I assume the options were off by default but I'll turn them back on.  I'm working on getting the information.

On 12/28/18 1:00 AM, Ashish Pandey wrote:

Hi Brett,

First the answers of all your questions -

1.  If a self-heal deamon is listed on a host (all of mine show one with
a volume status command) can I assume it's enabled and running?

For your volume, projects self heal daemon is UP and running

2.  I assume the volume that has all the self-heals pending has some
serious issues even though I can access the files and directories on
it.  If self-heal is running shouldn't the numbers be decreasing?

It should heal the entries and the number of entries coming in "gluster v heal volname info" command should be decreasing.

It appears to me self-heal is not working properly so how to I get it to
start working or should I delete the volume and start over?

As you can access all the files from mount point, I think the volume and the files are in good state as of now. I don't think you should think of deleting your volume before trying to fix it. If there is no fix or the fix is taking time you can go ahead with that option.

-----------------------
Why all these options are off?

performance.quick-read: off
performance.parallel-readdir: off
performance.readdir-ahead: off
performance.write-behind: off
performance.read-ahead: off

Although this should not matter to your issue but I think you should enable all the above unless you have a reason to not to do so.
--------------------

I would like you to perform following steps and provide some more information -

1 - Try to restart self heal and see if that works.
"gluster v start volume force" will kill and restart the self heal processes.

2 - If step 1 is not fruitful, get the list of entries need to be healed and pick one of the entry to heal. I mean we should focus on one entry to find out why it is
not getting healed instead of all the 5900 entries. Let's call it entry1.

3 -  Now access the entry1 from mount point, read, write on it and see if this entry has been healed. Check for heal info. Accessing file from mount point triggers client side heal
which could also heal the file.

4 - Check for the logs in /var/log/gluster, mount logs and glustershd logs should be checked and provided.

5 -  Get the external attributes of entry1 from all the bricks.

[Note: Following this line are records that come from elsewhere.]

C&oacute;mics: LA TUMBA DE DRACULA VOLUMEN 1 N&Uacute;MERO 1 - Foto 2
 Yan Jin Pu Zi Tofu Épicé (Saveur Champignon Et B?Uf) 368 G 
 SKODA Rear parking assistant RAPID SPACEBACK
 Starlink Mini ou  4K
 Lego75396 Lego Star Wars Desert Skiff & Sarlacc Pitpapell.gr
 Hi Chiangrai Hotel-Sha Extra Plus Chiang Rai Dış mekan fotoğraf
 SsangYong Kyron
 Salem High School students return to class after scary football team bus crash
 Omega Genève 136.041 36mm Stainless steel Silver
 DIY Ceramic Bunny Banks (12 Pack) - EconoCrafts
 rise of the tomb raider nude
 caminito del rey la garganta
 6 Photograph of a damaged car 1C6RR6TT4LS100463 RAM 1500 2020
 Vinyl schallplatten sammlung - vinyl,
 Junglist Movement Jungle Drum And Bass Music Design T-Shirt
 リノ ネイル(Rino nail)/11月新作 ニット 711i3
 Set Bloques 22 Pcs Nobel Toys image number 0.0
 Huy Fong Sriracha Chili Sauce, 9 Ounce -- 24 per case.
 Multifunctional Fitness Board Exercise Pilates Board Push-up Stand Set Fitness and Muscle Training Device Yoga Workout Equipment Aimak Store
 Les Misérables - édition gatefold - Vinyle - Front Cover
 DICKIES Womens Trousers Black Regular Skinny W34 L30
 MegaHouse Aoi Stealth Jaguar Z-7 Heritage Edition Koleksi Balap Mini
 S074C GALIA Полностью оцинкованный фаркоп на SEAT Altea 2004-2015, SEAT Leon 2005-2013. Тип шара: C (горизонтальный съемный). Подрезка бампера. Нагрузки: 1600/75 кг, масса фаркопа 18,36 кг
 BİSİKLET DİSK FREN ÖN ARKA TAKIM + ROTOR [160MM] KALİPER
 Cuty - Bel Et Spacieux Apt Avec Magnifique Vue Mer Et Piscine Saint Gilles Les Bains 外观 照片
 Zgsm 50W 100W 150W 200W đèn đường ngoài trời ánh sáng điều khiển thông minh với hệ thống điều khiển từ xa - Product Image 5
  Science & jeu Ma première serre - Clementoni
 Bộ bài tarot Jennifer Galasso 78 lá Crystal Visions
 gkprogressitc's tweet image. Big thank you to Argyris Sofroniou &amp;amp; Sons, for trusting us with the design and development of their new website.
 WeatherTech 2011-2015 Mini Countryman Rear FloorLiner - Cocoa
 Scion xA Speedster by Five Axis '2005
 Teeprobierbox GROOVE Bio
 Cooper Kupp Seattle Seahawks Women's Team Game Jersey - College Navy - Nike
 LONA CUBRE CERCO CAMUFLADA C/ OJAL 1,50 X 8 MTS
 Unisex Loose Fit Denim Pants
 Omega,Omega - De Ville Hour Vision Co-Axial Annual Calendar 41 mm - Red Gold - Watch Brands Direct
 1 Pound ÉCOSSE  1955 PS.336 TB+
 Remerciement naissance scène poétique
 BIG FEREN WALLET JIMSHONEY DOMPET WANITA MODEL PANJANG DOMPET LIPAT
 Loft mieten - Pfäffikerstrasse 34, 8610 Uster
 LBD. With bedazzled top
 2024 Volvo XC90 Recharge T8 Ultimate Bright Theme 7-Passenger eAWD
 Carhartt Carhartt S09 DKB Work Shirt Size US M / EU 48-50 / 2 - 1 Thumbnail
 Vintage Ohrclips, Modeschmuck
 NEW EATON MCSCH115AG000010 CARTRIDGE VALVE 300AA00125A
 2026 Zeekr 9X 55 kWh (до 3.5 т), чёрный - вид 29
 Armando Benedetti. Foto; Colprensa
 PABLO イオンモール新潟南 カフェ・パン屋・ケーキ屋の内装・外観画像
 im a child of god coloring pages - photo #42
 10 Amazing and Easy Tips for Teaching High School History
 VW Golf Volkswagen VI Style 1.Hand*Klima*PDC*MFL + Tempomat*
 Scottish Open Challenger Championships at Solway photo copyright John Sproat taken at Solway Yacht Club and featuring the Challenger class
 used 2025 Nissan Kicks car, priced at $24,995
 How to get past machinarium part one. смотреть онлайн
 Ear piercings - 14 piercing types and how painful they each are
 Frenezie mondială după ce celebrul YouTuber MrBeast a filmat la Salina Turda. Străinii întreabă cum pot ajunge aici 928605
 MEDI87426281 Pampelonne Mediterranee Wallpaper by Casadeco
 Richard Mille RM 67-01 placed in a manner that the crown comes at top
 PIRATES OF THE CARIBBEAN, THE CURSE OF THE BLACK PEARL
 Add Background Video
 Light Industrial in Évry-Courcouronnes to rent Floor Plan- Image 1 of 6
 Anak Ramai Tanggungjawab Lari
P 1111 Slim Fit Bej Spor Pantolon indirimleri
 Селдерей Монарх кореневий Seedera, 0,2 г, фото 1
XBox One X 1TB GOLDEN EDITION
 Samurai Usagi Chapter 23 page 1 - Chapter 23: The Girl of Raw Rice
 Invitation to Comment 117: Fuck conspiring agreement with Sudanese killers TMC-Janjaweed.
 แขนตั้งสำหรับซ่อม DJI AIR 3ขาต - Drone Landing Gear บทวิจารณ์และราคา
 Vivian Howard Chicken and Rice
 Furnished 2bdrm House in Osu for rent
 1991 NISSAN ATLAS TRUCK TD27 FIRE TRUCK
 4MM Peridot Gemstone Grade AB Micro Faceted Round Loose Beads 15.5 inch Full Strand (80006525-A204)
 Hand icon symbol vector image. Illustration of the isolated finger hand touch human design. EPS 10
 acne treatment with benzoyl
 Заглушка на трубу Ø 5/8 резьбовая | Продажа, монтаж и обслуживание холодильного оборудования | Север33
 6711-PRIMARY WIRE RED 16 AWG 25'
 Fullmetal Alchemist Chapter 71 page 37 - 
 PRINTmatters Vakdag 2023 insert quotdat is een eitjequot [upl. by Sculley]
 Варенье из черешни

If the path of the entry1 on mount point is /a/b/c/entry1 then you have to run following command on all the nodes -

getfattr -m. -d -e hex <path of the brick on the node>/a/b/c/entry1

Please provide the output of above command too.

---
Ashish
















------------------------------------------------------------------------
*From: *"Brett Holcomb" <[email protected]>
*To: *[email protected]
*Sent: *Friday, December 28, 2018 3:49:50 AM
*Subject: *Re: [Gluster-users] Self Heal Confusion

Resend as I did not reply to the list earlier.  TBird responded to the poster and not the list.

On 12/27/18 11:46 AM, Brett Holcomb wrote:

    Thank you. I appreciate the help  Here is the information.  Let me
    know if you need anything else.  I'm fairly new to gluster.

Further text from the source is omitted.